Hard limit on PGs on each OSD

The other core problem was that any individual OSDs were ever allowed to instantiate more PGs than they could handle.  Because PG mappings are the result of a mathematical calculation in CRUSH, any number of CRUSH or cluster state changes could potentially lead to a situation where CRUSH put too many PGs in one place.  Even if we fixed the "min in" problem above, some other scenario or misconfiguration could potentially lead to too many PGs on one OSD.

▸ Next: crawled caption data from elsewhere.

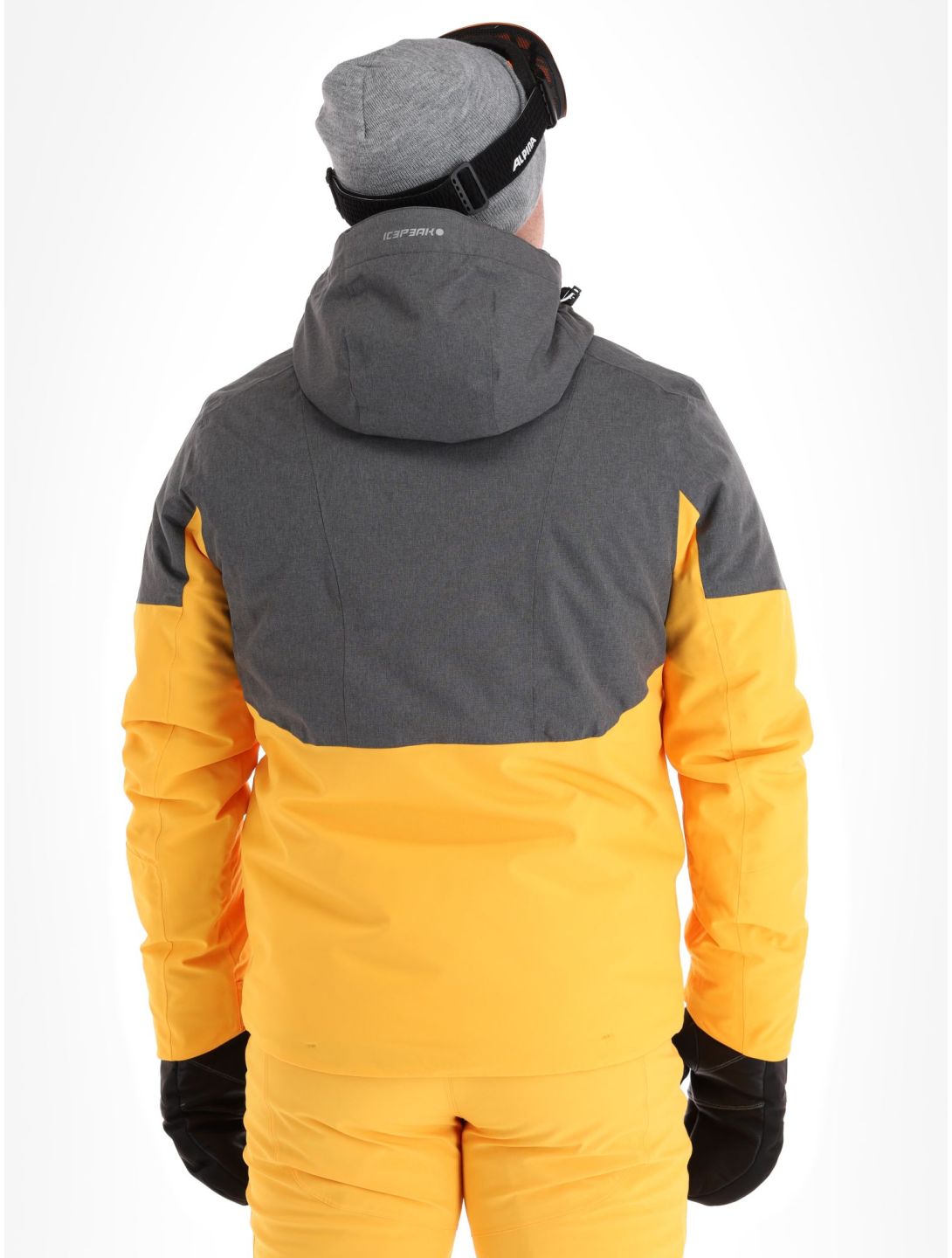 Icepeak, Falaise ski jacket men Yellow yellow 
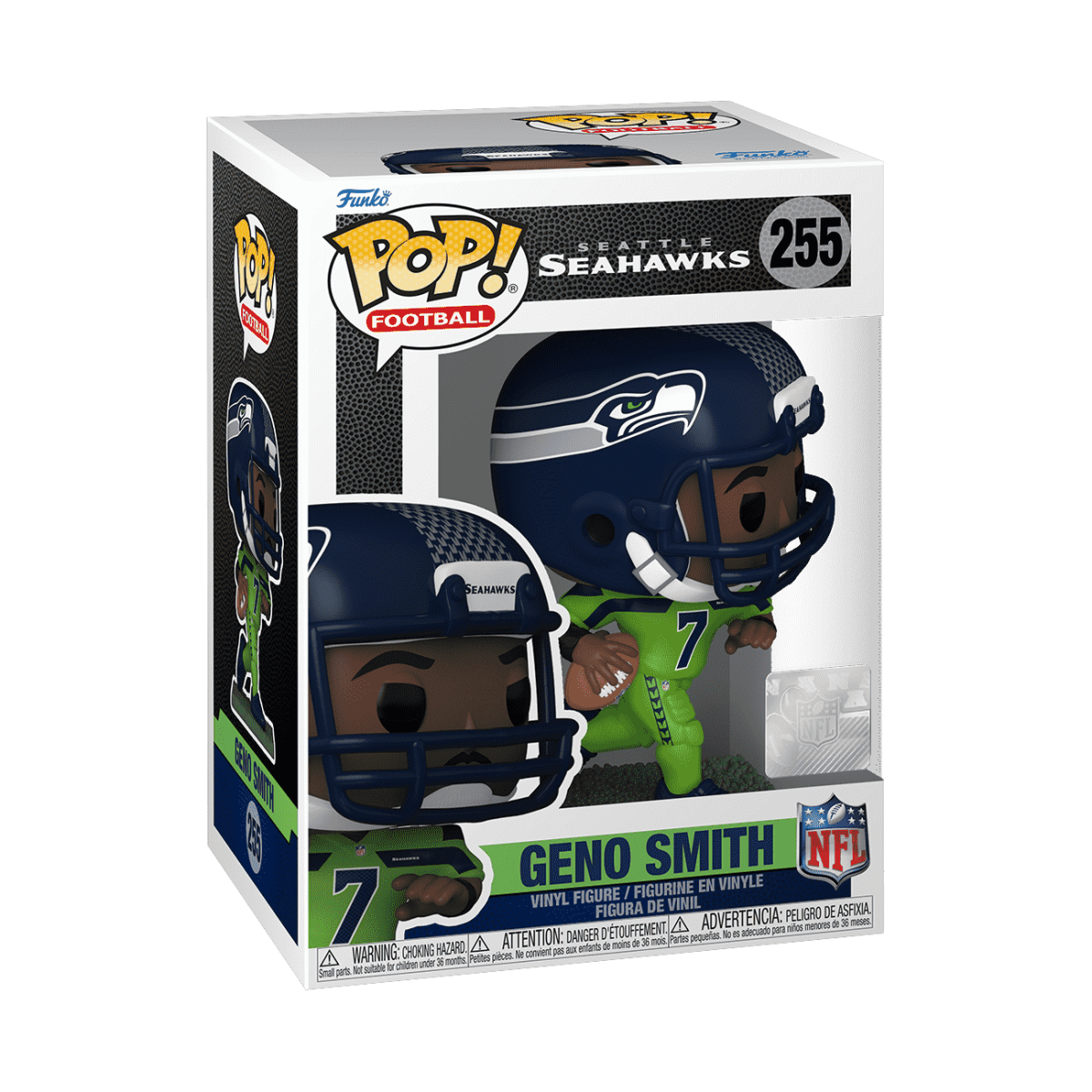 Pop! Geno Smith - Figurine Pop! NFL - vue 3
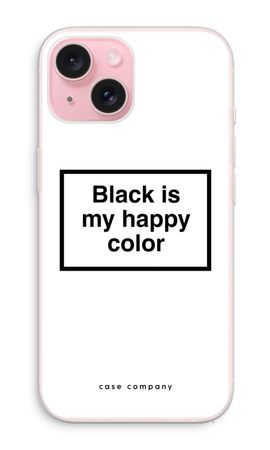 Black is my happy color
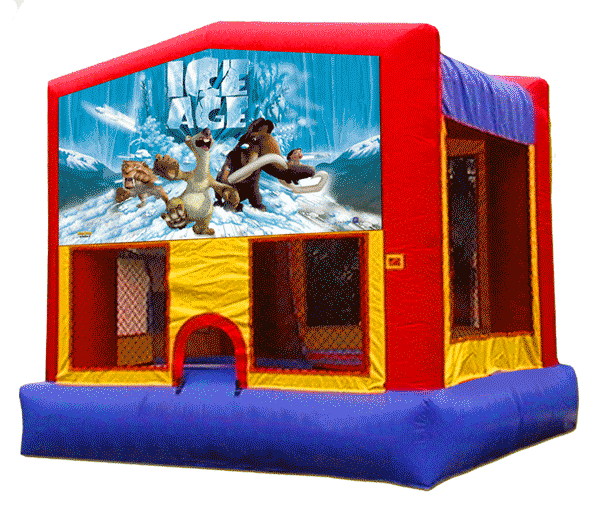 Ice Age Bounce House Rental Erie, PA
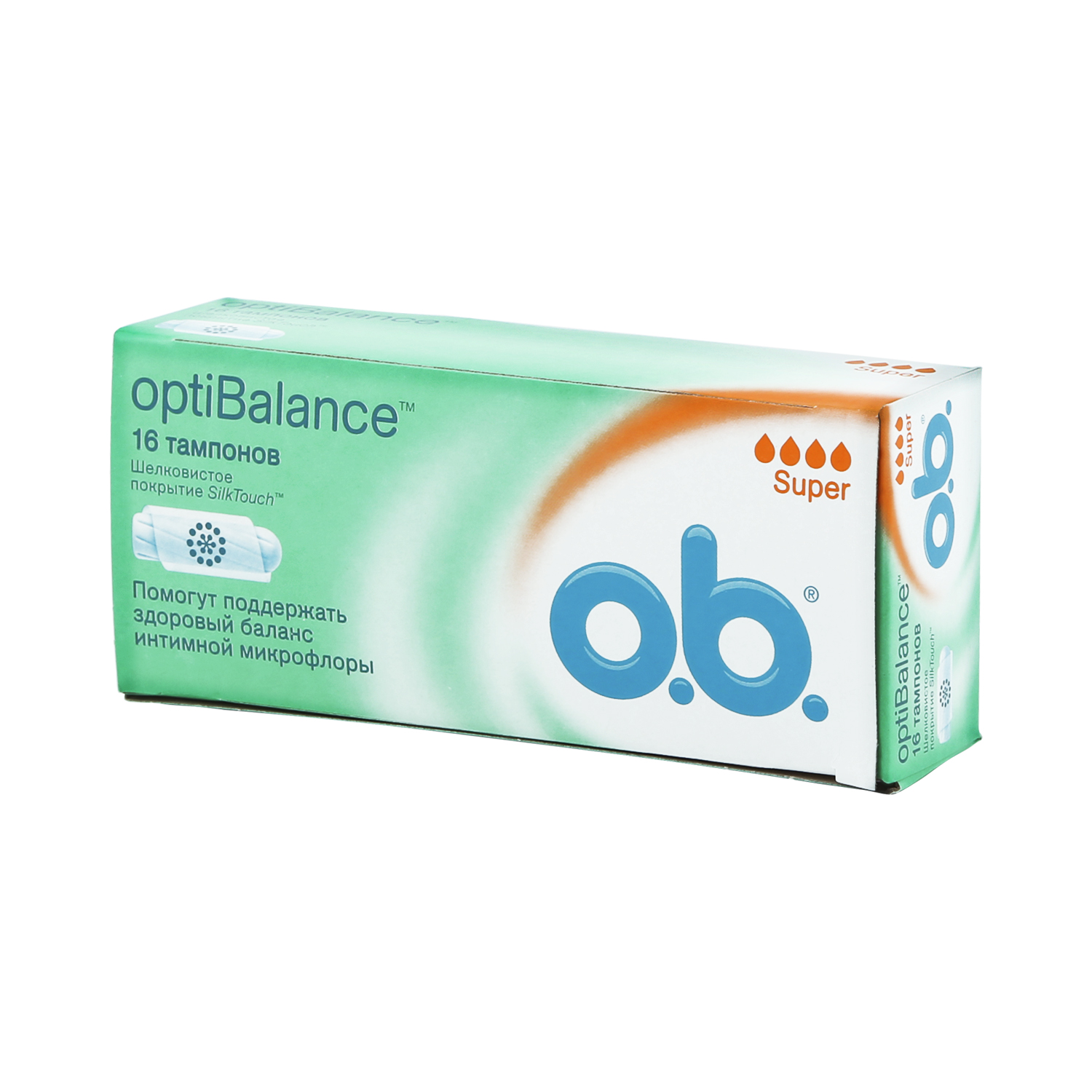 

О.Б. тампоны оптибаланс супер №16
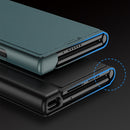 For Huawei Mate Xs 2 GKK Magnetic Folding Shockproof Protective Leather Phone Case(Silver)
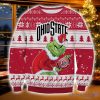 NCAA Ohio State Buckeyes Grinch Ugly Christmas Sweater Christmas Gift For Sport Fans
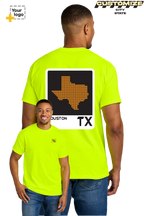 Custom Gildan® DryBlend® 50 Cotton/50 Poly T-Shirt - ELEMENTS DOTS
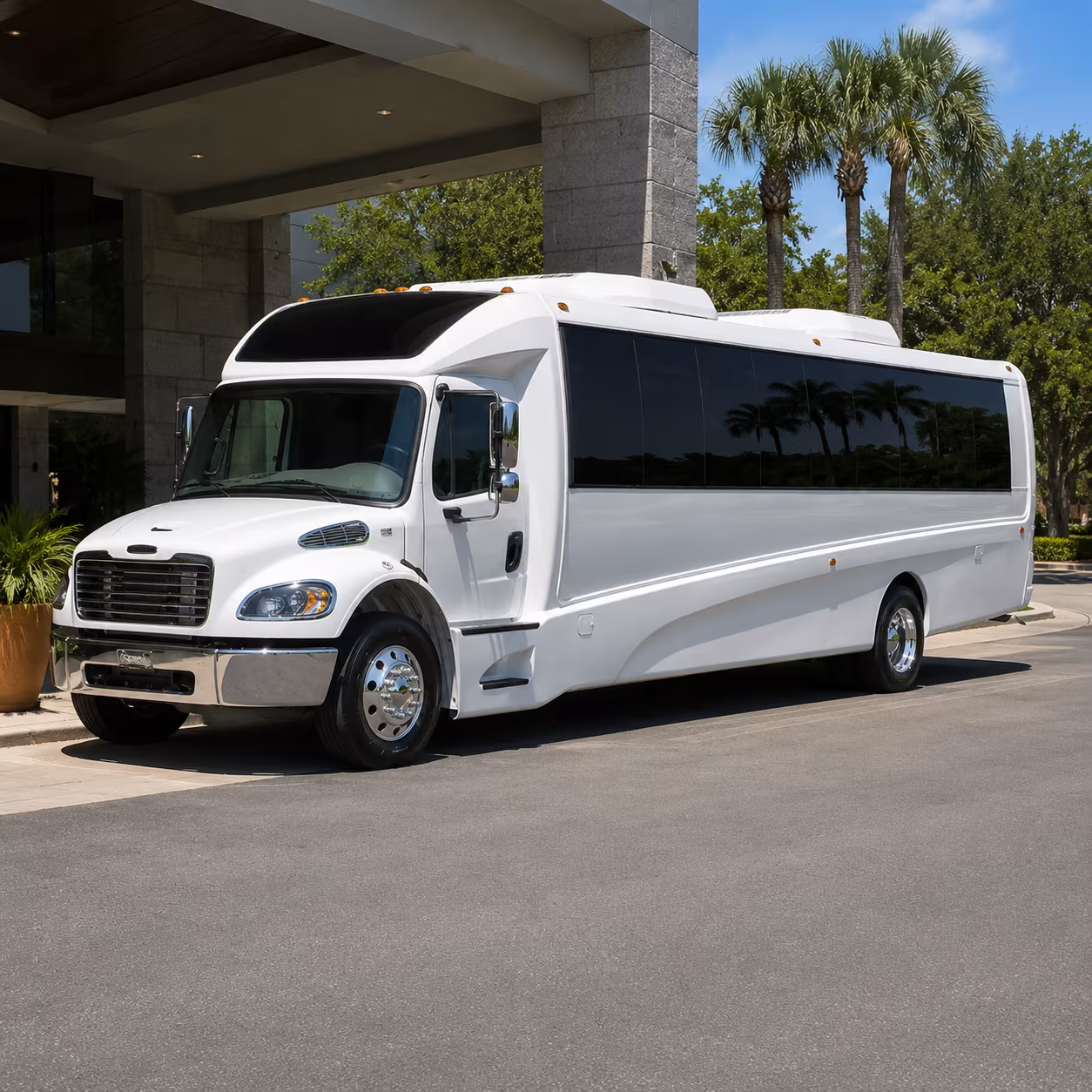 deerfield beach 30 passenger minibus
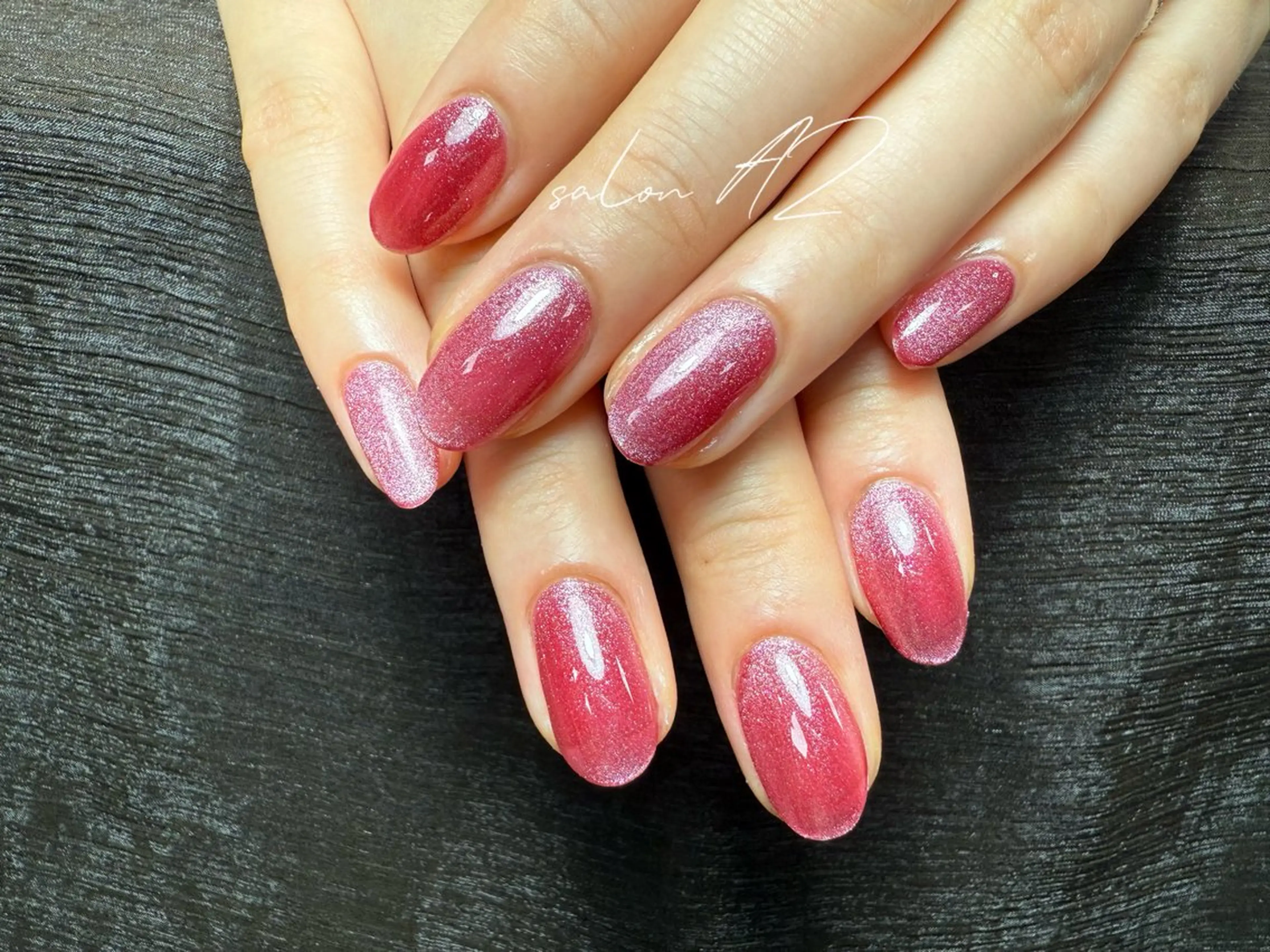 ネイル アートネイル 長さ出し フットネイル フレンチネイル ジェルネイル salon AZのネイルデザイン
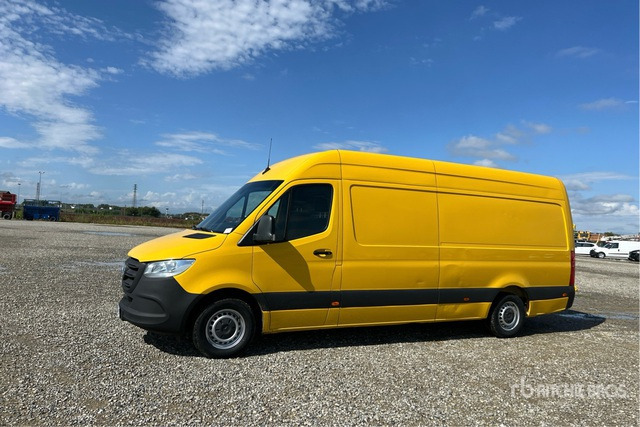 2020 Merceds-Benz Sprinter 314 CDI F43/35 Van Truck - Kastenwagen: das Bild 3 2020 Merceds-Benz Sprinter 314 CDI F43/35 Van Truck - Kastenwagen: das Bild 3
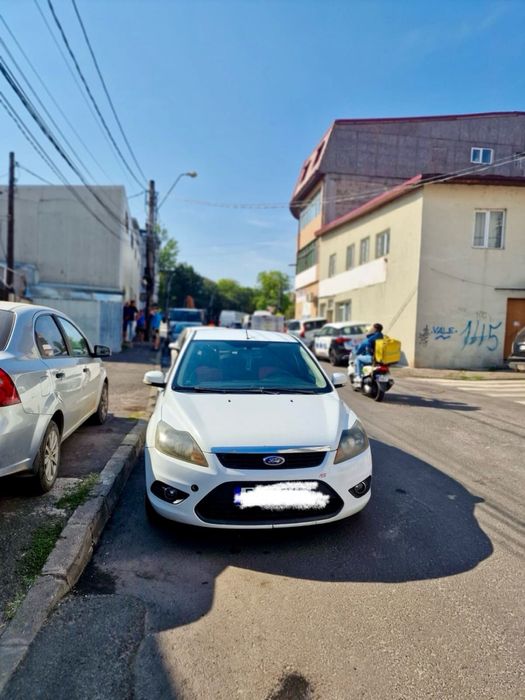 Ford Focus 2008, benzina 1,6, 247000 km reali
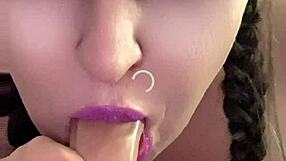 Kandy Kane, Sri Lankan BBW Housewife, Stars in Homemade Amateur Clip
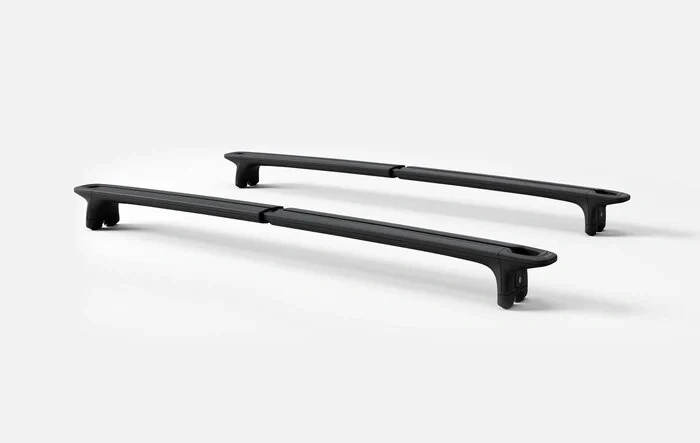 New Black Crossbars from Rivian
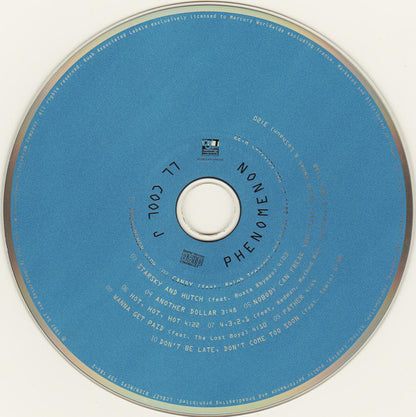 LL Cool J : Phenomenon (CD, Album)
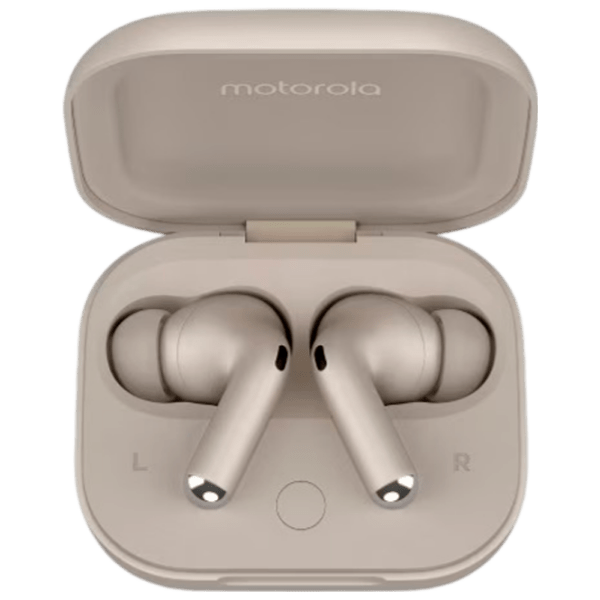 Căști Motorola Moto Buds+ Beige Fără fir / Personal / In ear photo 2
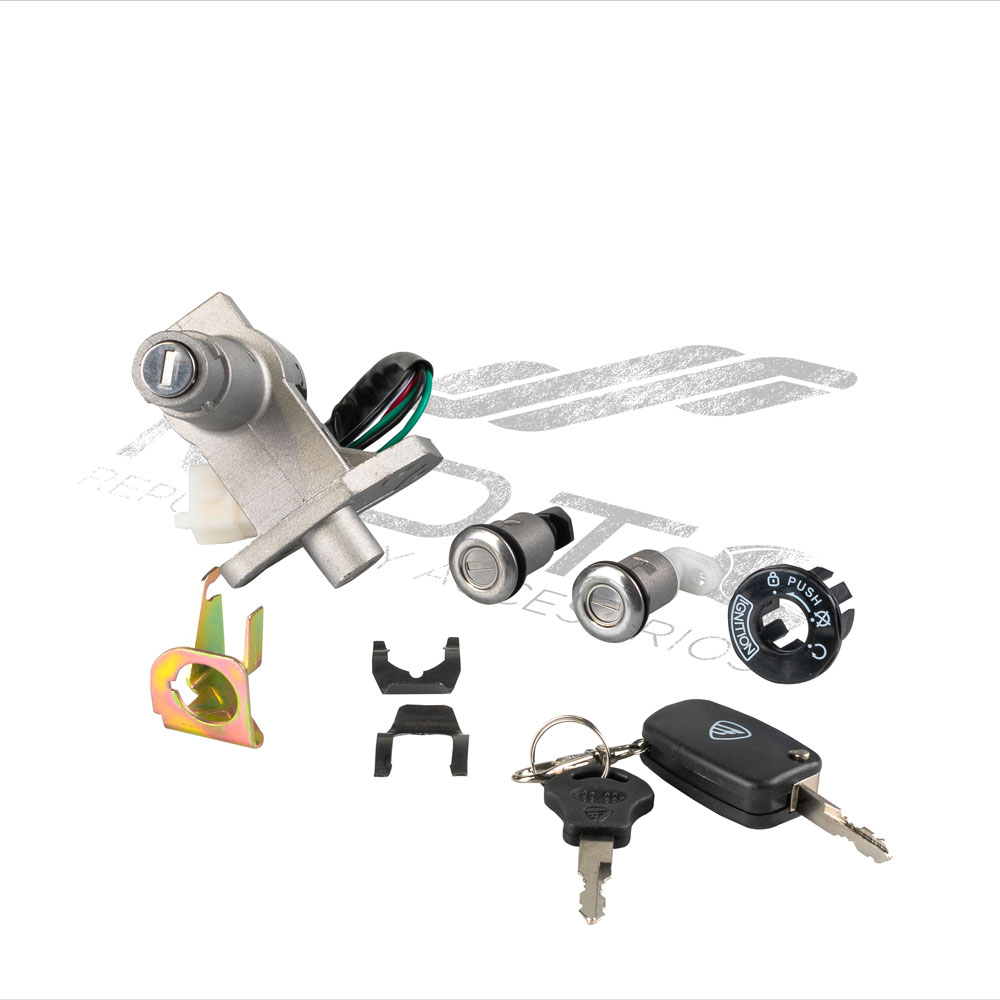 JUEGO CERRADURAS LLAVERO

In Luminous, we've added a hard limit on the number of PGs that can be instantiated on a single OSD, expressed as osd_max_pg_per_osd_hard_ratio, a multiple of the mon_max_pg_per_osd limit (the limit we mentioned above that prevents you from configuring too many PGs).  If any individual OSD is ever asked to create more PGs than it should it will simply refuse and ignore the request.  The cluster will be partially unavailable if that happens (those PGs won't be able to peer and service IO until the data distribution is corrected), but we will avoid putting the system into a situation where it may have a hard time recovering.  Hopefully an administrator has been alerted and become involved long before this, but in cases of extreme neglect, the system won't dig itself into a hole.

Conclusion

Hearing about things that used to go wrong but can't anymore isn't as much fun as reading about shiny new features, but we hope it will let users that have experienced some of these issues (or skirted less extreme instances) rest easier.  We certainly sleep much better these days!